• ASSIGNMENT: The listing below holds a line with "Room, east of" and a later line with "Na Paraíba Bolsonaro". Write out those two lines and every line between them, exactly, and nothing else.

• RECORDS FOR THIS EXERCISE:

|---|

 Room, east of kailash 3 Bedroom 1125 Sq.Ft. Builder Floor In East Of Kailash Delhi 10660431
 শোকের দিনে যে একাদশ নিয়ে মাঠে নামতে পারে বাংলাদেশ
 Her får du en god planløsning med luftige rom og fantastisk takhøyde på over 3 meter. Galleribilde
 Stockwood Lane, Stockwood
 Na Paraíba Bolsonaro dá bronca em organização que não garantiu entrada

|---|

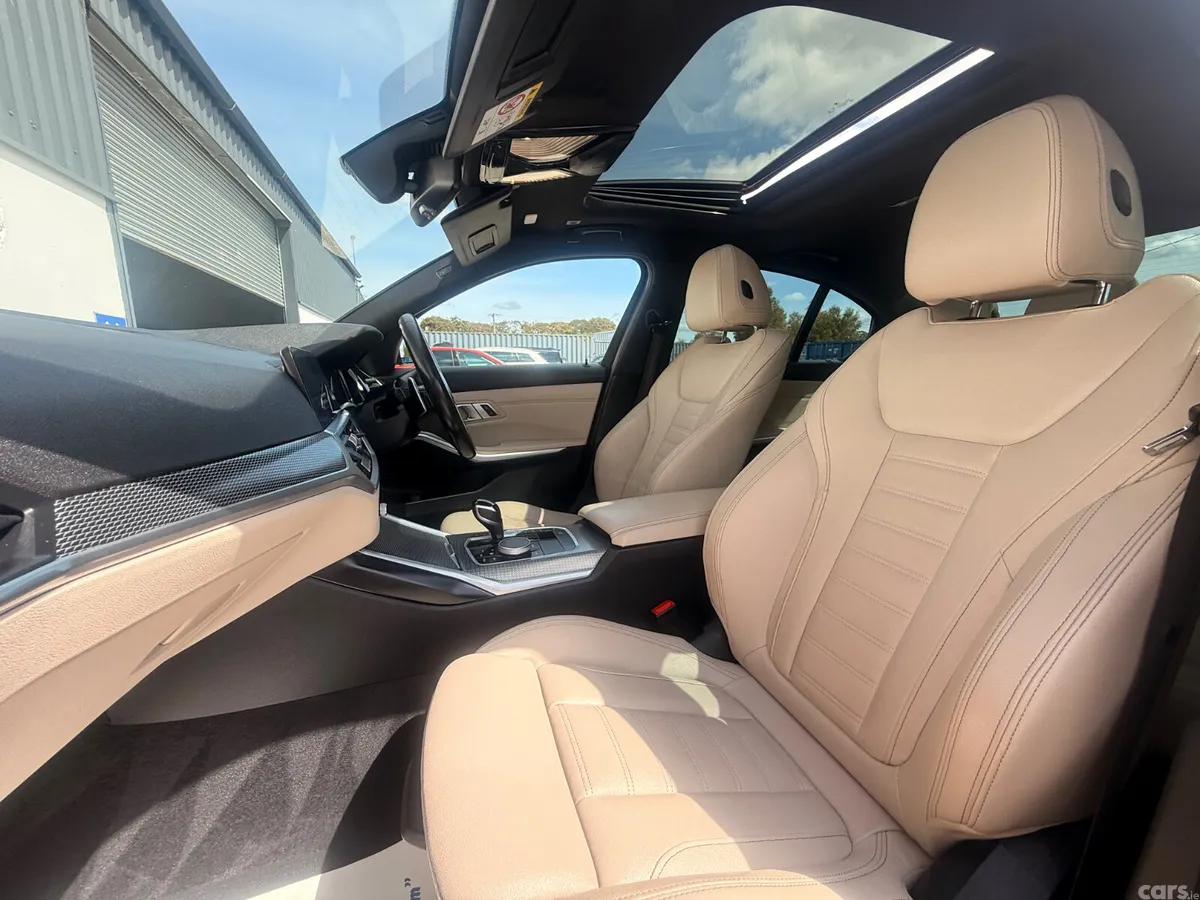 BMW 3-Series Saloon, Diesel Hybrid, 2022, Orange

|---|

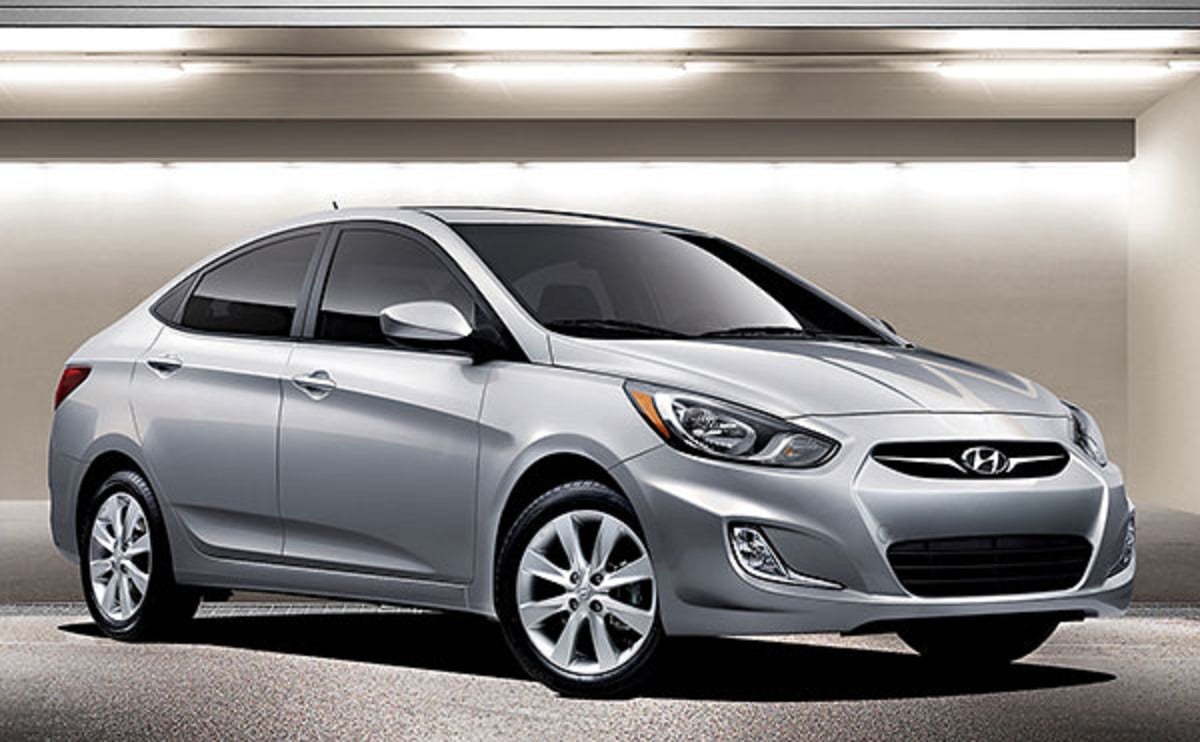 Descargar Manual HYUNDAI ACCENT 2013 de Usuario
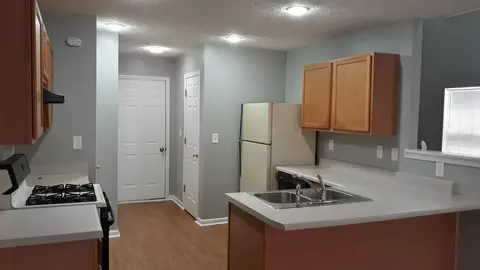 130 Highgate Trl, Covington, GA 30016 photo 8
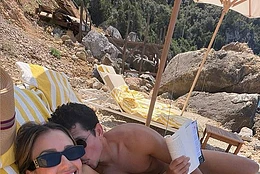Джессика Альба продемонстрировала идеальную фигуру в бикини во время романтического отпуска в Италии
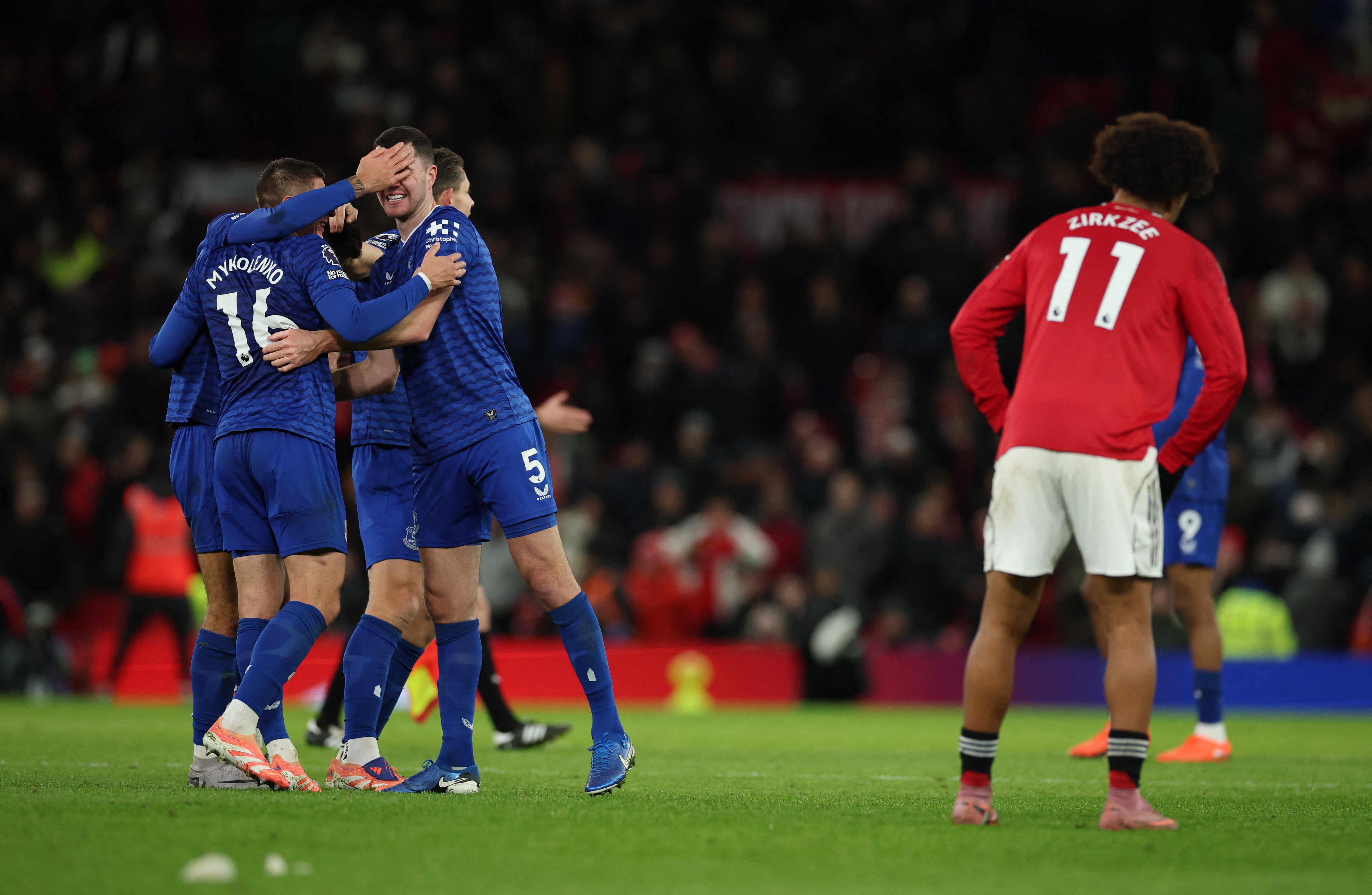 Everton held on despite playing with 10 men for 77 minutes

|---|

• YOUR RESPONSE:
 Room, east of kailash 3 Bedroom 1125 Sq.Ft. Builder Floor In East Of Kailash Delhi 10660431
 শোকের দিনে যে একাদশ নিয়ে মাঠে নামতে পারে বাংলাদেশ
 Her får du en god planløsning med luftige rom og fantastisk takhøyde på over 3 meter. Galleribilde
 Stockwood Lane, Stockwood
 Na Paraíba Bolsonaro dá bronca em organização que não garantiu entrada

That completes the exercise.